Not every type of exercise has the same effect on cortisol levels. Moderate activities such as yoga, walking, dancing and cycling have been shown to achieve the best results in lowering stress hormone levels and thus improving general well-being. Studies show that just 30 minutes of moderate exercise a day is enough to lower cortisol levels.

During endurance exercise, such as cycling, the body uses oxygen to burn fats and carbohydrates to generate energy. This strengthens the cardiovascular system and improves the efficiency of oxygen uptake and utilization by the body. This process can help to lower blood pressure, keep the heart healthier and therefore reduce stress.

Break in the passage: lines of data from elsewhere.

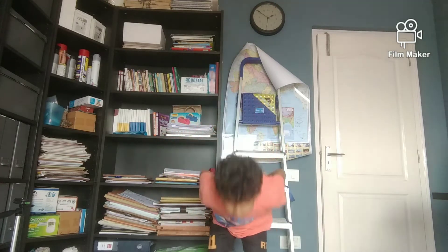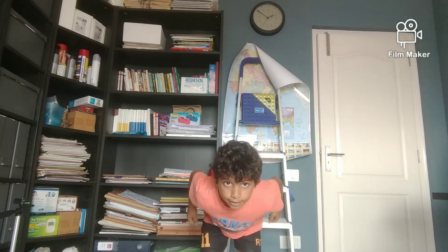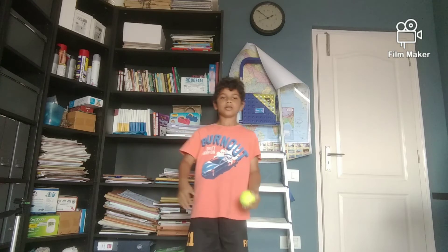The third tip: when you're balancing it, bring it back to your hands. So you need to throw it like that and like this and hold.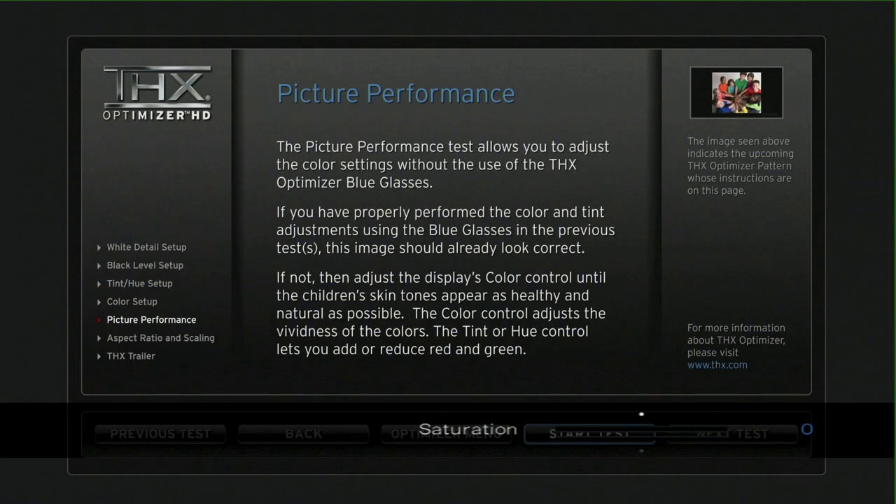After making all those adjustments on that particular input for that device using the Onkyo ISF settings, we can now look at a performance picture. It's a reference picture that's known, and when you look at it, what we're looking for is natural skin tones, good blacks, and good whites.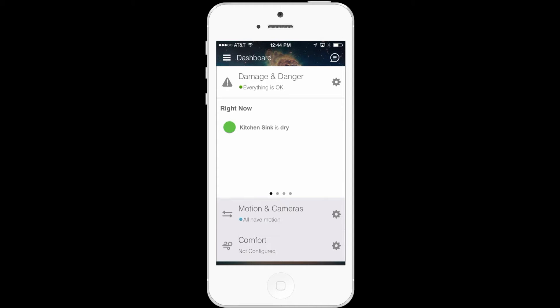Hey there. Wanted to walk you through two new product features that we've just added to the SmartThings Dashboard. These new additions make it easier than ever to secure your home and to gain peace of mind.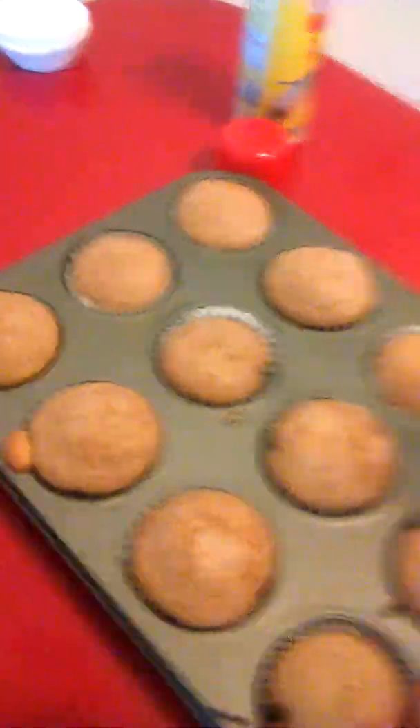I have extra batter, so I can make more cupcakes instead of just one cake with about five slices. Put this in the oven at 350 degrees. If you're making cupcakes, bake for 12 to 17 minutes. If you're making a cake, bake for 28 to 33 minutes.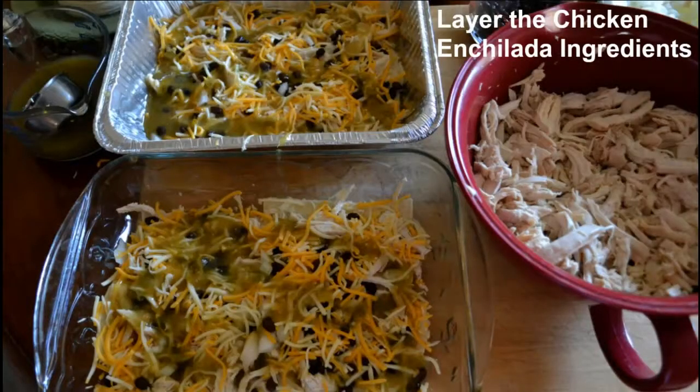Let me get the enchiladas put together and I'll be right back. That took all of about 15 minutes to put together, so as you can see it's really not that difficult. From about the time I started to now, we're looking at roughly over 2 hours for prep. I'm going to show you everything that we have and give you a list of everything that was done, including the shopping list and the recipes.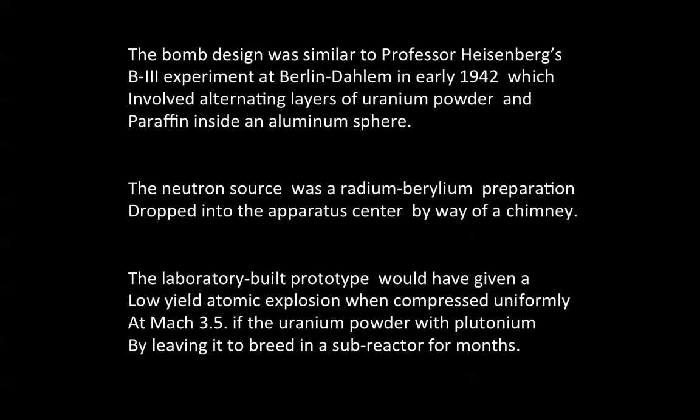The laboratory-built prototype would have given a low-yield atomic explosion when compressed uniformly at Mach 3.5, if the uranium powder — enriched with plutonium by leaving it to breathe in a sub-reactor for months — was available.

Gentle exercises such as yoga or Pilates, on the other hand, help to calm the nervous system and promote the body's ability to adapt to stressful situations in the long term. They not only strengthen the body, but also the mind by promoting the relaxation response and thus reducing chronic stress.

Exercise for happiness hormones

In addition to the direct effect on cortisol levels, regular exercise also improves the release of endorphins, which are known as "happiness hormones". These hormones improve mood and reduce symptoms of anxiety and depression. Physical activity improves emotional and mental health, which in turn breaks the stress cycle.

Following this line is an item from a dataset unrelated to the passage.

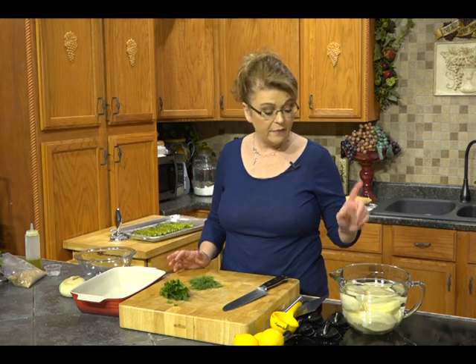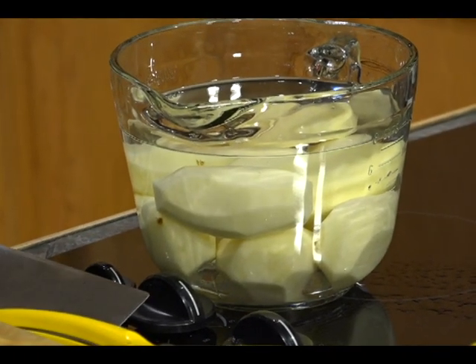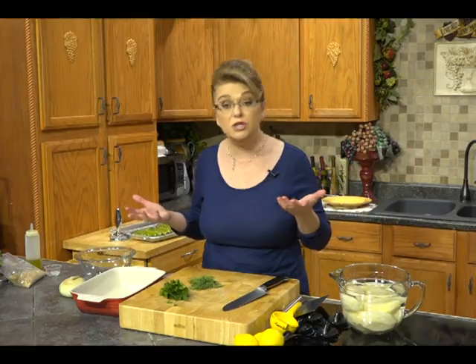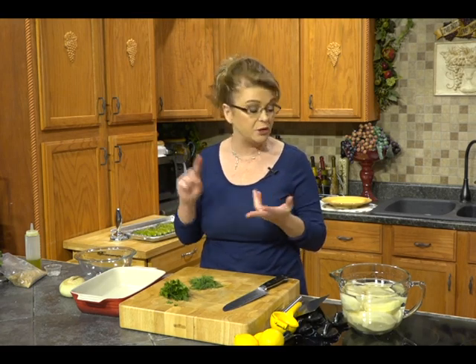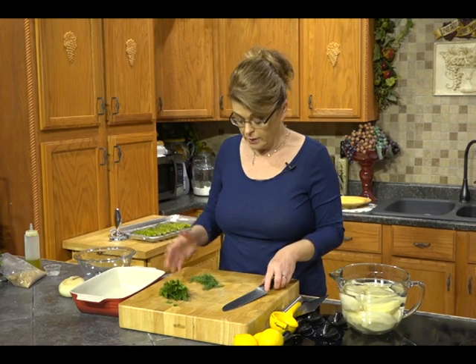All righty. Our chicken is in the oven and our asparagus is prepped but not in the oven yet. We're going to get some potatoes going because they need to bake a little too. I have just a couple of pounds of russet potatoes that I've peeled and kept in water so they don't turn brown. You could use red potatoes, yellow gold Yukons, or fingerling potatoes — for this recipe you can use any kind you want.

Conclusion: Exercise as part of holistic stress management

Regular exercise is a natural way and an essential component of a holistic approach to sustainably lowering cortisol levels and feeling better in your body. Whether it's yoga, swimming or a relaxing hike - any form of activity can help to make the body more resistant to stress. By integrating exercise into your daily routine, you can not only improve your physical health, but also your mental resilience. It is important that exercise is not perceived as an additional stressful obligation, but as a joyful routine that can be integrated into everyday life.

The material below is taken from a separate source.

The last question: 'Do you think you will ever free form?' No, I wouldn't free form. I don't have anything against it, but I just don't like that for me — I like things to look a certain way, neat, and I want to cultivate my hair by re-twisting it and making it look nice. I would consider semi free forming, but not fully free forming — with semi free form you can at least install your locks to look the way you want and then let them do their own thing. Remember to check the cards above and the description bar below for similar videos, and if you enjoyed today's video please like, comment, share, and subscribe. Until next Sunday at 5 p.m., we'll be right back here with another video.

In the next blog post in this series, we will take a closer look at the next module "Sleep and relaxation techniques" and show you how you can sustainably improve your health and well-being through targeted stress management strategies.

 

 

Sources:

  1. Frontiers: Chronic physical exercise and stress reduction study (2023)
  2. Mayo Clinic: Exercise as a stress management tool (2023)
  3. Sports Nutrition Journal: Cortisol reduction through exercise (2022)
  4. Hill, E. E., Zack, E., Battaglini, C., Viru, M., Viru, A., & Hackney, A. C. (2008). Exercise and circulating cortisol levels: The intensity threshold effect. Journal of Endocrinological Investigation, 31(7), 587-591.
  5. Duclos, M., & Tabarin, A. (2016). Exercise and the Hypothalamo-Pituitary-Adrenal Axis. Frontiers of Hormone Research, 47, 12-26
  6. Hamer, M., & Steptoe, A. (2007). Cortisol responses to mental stress and associations with heart rate variability. Psychoneuroendocrinology, 32(2), 105-111
  7. Perna, F. M., & McDowell, S. L. (1995). The effects of exercise intensity on the cortisol response to acute exercise in endurance athletes. Journal of Sports Medicine and Physical Fitness, 35(4), 290-297.
  8. Anderson, T., & Wideman, L. (2017). Exercise and the Cortisol Awakening Response: A Systematic Review and Meta-analysis. Sports Medicine, 47(6), 1103-1114.